Marathon Petroleum is a major American petroleum company that operates an oil refinery in St. Paul Park, Minnesota in the United States. This refinery, which as of January 2021 processed around 100,000 barrels per day, services locations throughout the midwestern United States, including numerous Speedway LLC locations. Starting in November 2020, company officials had been negotiating new labor contracts with representatives of the International Brotherhood of Teamsters Local 120, the local union which represents approximately 200 workers at the facility. However, disagreements persisted between the union and the company, with the union rejecting Marathon's stance on hiring subcontractors for work primarily performed by union members. According to a union representative, Marathon's subcontracting proposal would result in about 40 union jobs being outsourced. In December, union members voted to authorize strike action against the company if a new contract had not been agreed to by the end of the year. On December 31, the existing contract expired without a replacement, but representatives continued to negotiate through January. On January 21, 2021, members voted by a significant margin (Note: Sources report the vote as either 167 to 4 or 197 to 4.) to reject a contract offer made by the company and prepared to take strike action. At that time, there had been 22 negotiating sessions between the union and the company.

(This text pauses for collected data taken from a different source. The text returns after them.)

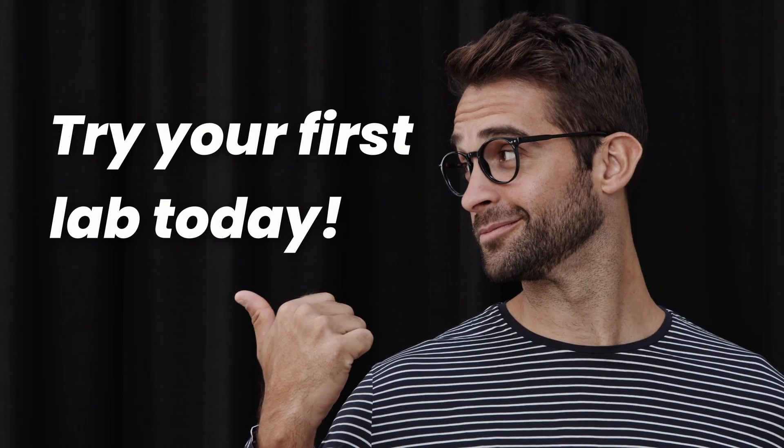Try it yourself today. More than 5,000 learners and 10,000 hands are busy getting skills and grabbing opportunities with AppSec Engineer. Never stop learning.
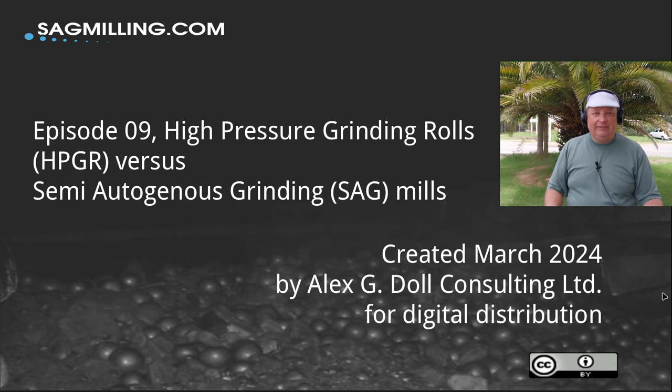Hello everyone, welcome to today's video. I'm going to be talking today about some of the differences and some of the similarities between HPGRs, which are high pressure grinding rolls, and semi-autogenous grinding mills, SAG mills.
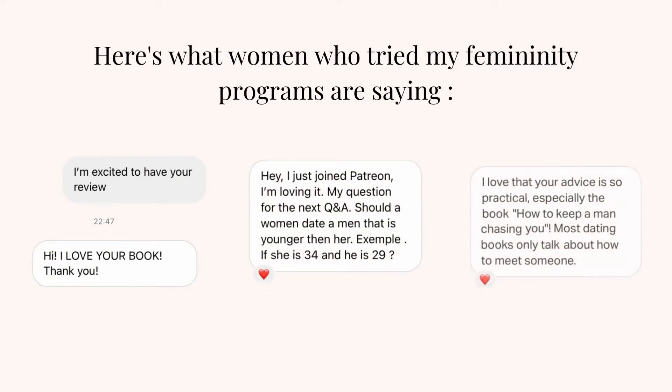Before we start, please like and subscribe and don't forget that you can have three chapters of my Femininity Guide by checking the link in the description box. I will share more things on fashion and how to look expensive on a budget on my Patreon. If you are interested in that, as well as how to keep the chase going and how to get the commitment that you want, you can join me on Patreon — the link is also in the description box.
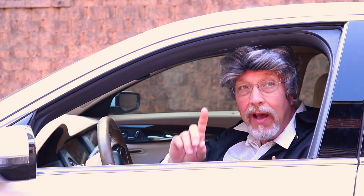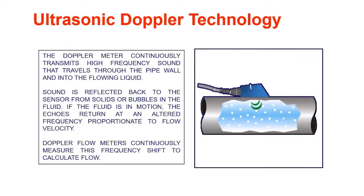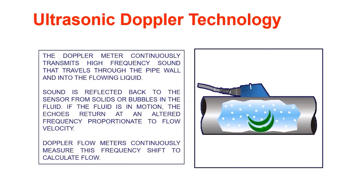That is the same principle applied to an ultrasonic Doppler flow meter. The Doppler meter continuously transmits high-frequency sound that travels through the pipe wall and into the flowing liquid. Sound is reflected back to the sensor from solids or bubbles in the fluid. If the fluid is in motion, the echoes return at an alternate frequency proportional to flow velocity.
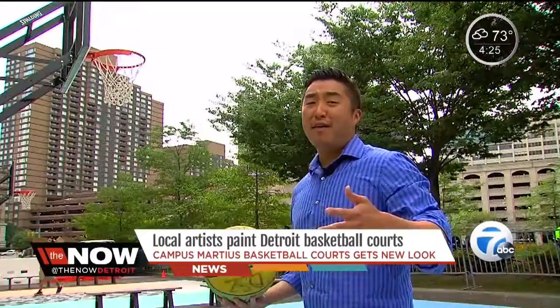And if you want to work the paint while enjoying the paint, basketball and the artwork is available until Labor Day. We're at the Quick and Loan Sports Zone. I'm Andy Choi, Now Detroit.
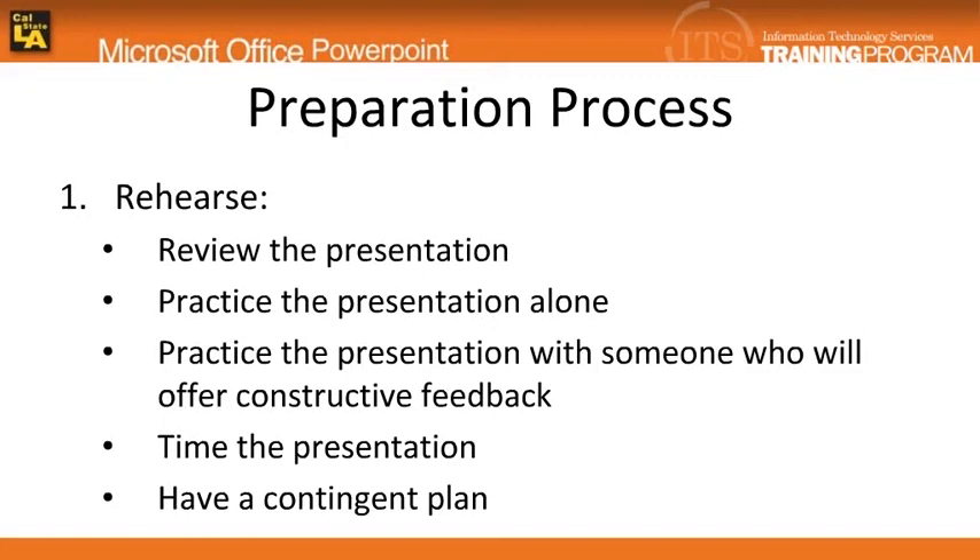When practicing, time a rehearsal using the rehearsal timing feature in PowerPoint. If a lot of time is taken to present a slide, consider dividing it into two slides.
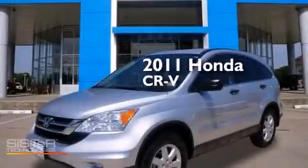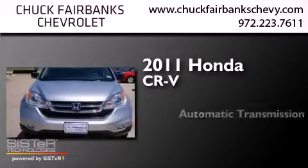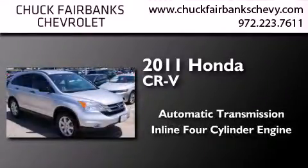This is a 2011 Honda CR-V. This crossover has an automatic transmission and an inline four-cylinder engine.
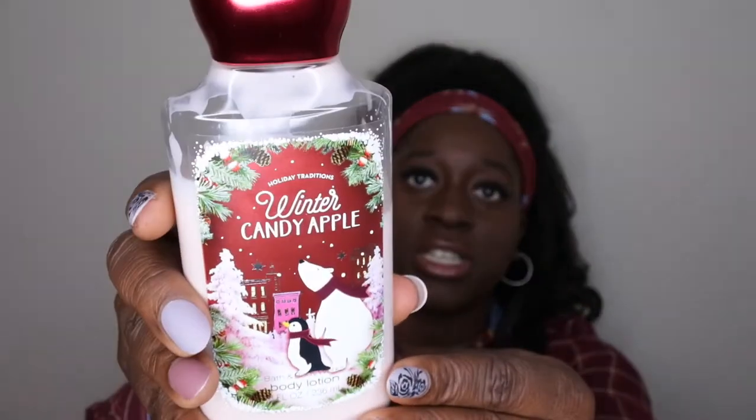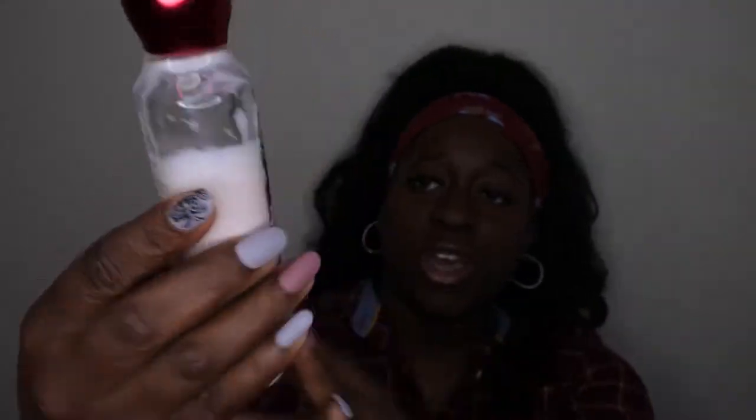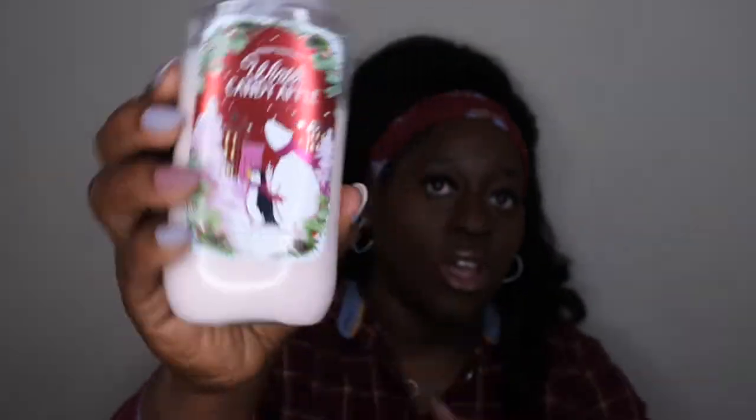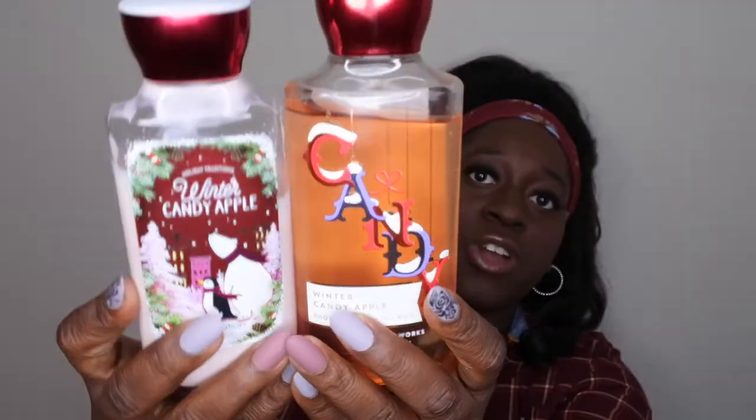The shower gel is performing great and I'm super excited to be using it again. I also have it in the lotion form. This is what the packaging looks like — it's really cute, so festive. We've got a little polar bear and a little penguin just walking around town with their little scarves on. Super cute, love that.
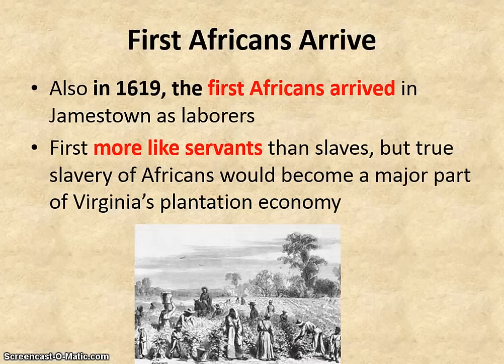Another important thing in 1619 is the arrival of the first Africans, who came to Jamestown as laborers. These first ones arrived really more like indentured servants than slaves. But over time, these African workers would evolve into a system of slavery, which would become a major part of Virginia's plantation economy. We'll talk more about what plantation means.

== Course of the strike ==
The strike began in the afternoon of January 21, with about 200 workers participating. Unfair labor practice charges were filed by the union with the National Labor Relations Board, who also alleged that the company was bargaining in bad faith. At the start of the strike, Marathon put out a statement stating that they had become aware of the workers' intent to strike beforehand and had made preparations regarding the operation of the refinery, with no disruptions expected. As reported by a union representative, the strike was originally intended to last one day. However, after 24 hours, when the workers offered to return to work, the company performed a lockout and accused the workers of trespassing. Marathon denies that a lockout occurred and instead countered that the workers are still on strike. however, multiple sources, including the Star Tribune and the news agency Reuters, characterize the ongoing dispute as a lockout. During the ongoing dispute, Marathon has brought in several workers from out of state.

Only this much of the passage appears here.